YAML model parsing. ModelValidationError, the custom _ComponentNumberingConstructor that auto-numbers duplicate YAML keys (GLPGLP_01, GLP_02), and the validation that enforces which function names and parameters are legal. Extend here — not in mcp — when adding new YAML syntax.

utils/plot.py

Generic matplotlib helpers used by the library and user notebooks: 1D/2D data plotting, image loading (load_plot, load_plot_grid) for embedding saved figures in reports, axis formatting utilities.

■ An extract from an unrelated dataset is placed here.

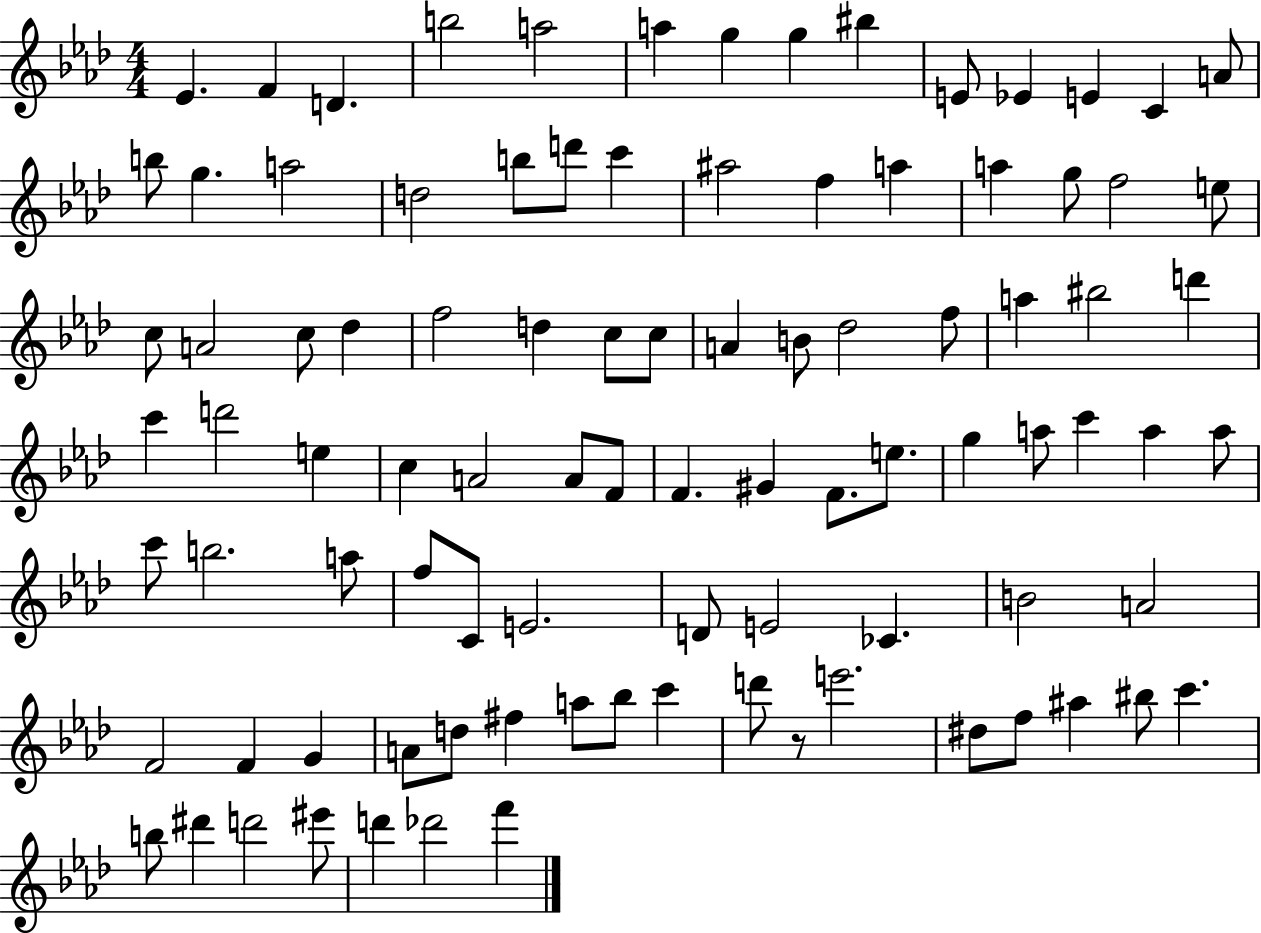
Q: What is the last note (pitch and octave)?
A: F6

All plotting functions take a PlotConfig. Specialized plotting (e.g. fit residuals) lives in fitlib.py, not here.

utils/sweep.py

ParameterSweep (grid / random / uniform / normal sampling) and SweepDataset (inspection of generated HDF5 datasets). Used by Simulator for ML training-data generation. Grows as new sampling strategies are needed.

Typical execution flow

For a 2D fit via File.fit_2d:

  1. File.fit_2d gathers the target Model, axes, fit limits.

  2. Model is lowered to a ScheduledPlan2D via graph_ir.schedule_2d once, up front.

  3. fitlib.fit_wrapper runs lmfit; each residual call goes residual_funspectra.fit_model_gireval_2d.evaluate_2d(plan, theta).

  4. evaluate_2d produces the model spectrum using only the plan arrays and the parameter vector — no mcp objects touched in the hot path.

  5. After the fit: confidence intervals / MCMC / plotting run in fitlib. The completed result is then captured eagerly into a SavedFitSlot via utils/fit_io.py and appended to Project._fit_history; that slot is what Project.results, Project.save_fits, and Project.export_fits operate on. Live Model.result is never re-read by these paths — see “Fit results: save / export / load architecture” above.

Models outside the current compiled support set (see supported_models.md) fall back to the mcp reference evaluator. New features are generally prototyped on that slow path first.

Where to put new code — quick guide

  • New energy / time / profile function → implement it in functions/{energy,time,profile}.py; for the full checklist (tests, registration, and GIR follow-up when needed), use ../ai/add-function.md.

  • New YAML keyword / syntaxutils/parsing.py + validation.

  • New user-facing method on a fileFile in trspecfit.py.

  • New model composition rule → mcp first; update supported_models.md; lower into graph_ir once stable.

  • New plot style / axis logicutils/plot.py, driven by PlotConfig.

  • New fit-result post-processing (CI, MCMC, in-fit plots)fitlib.py.

  • New fit-archive field, exporter format, or comparison metricutils/fit_io.py (data model + writer/reader + CSV exporter) and fit_results.py (query / compare_models). Slot extraction stays in utils/fit_io.py; the four _append_<fit_type>_slot call sites in trspecfit.py should not be replicated elsewhere.

  • New simulator feature / sampling strategysimulator.py / utils/sweep.py.

  • New HDF5 I/O → go through utils/hdf5.py helpers.

  • Performance optimization of an existing feature → lower into graph_ir / eval_*. Do not optimize mcp.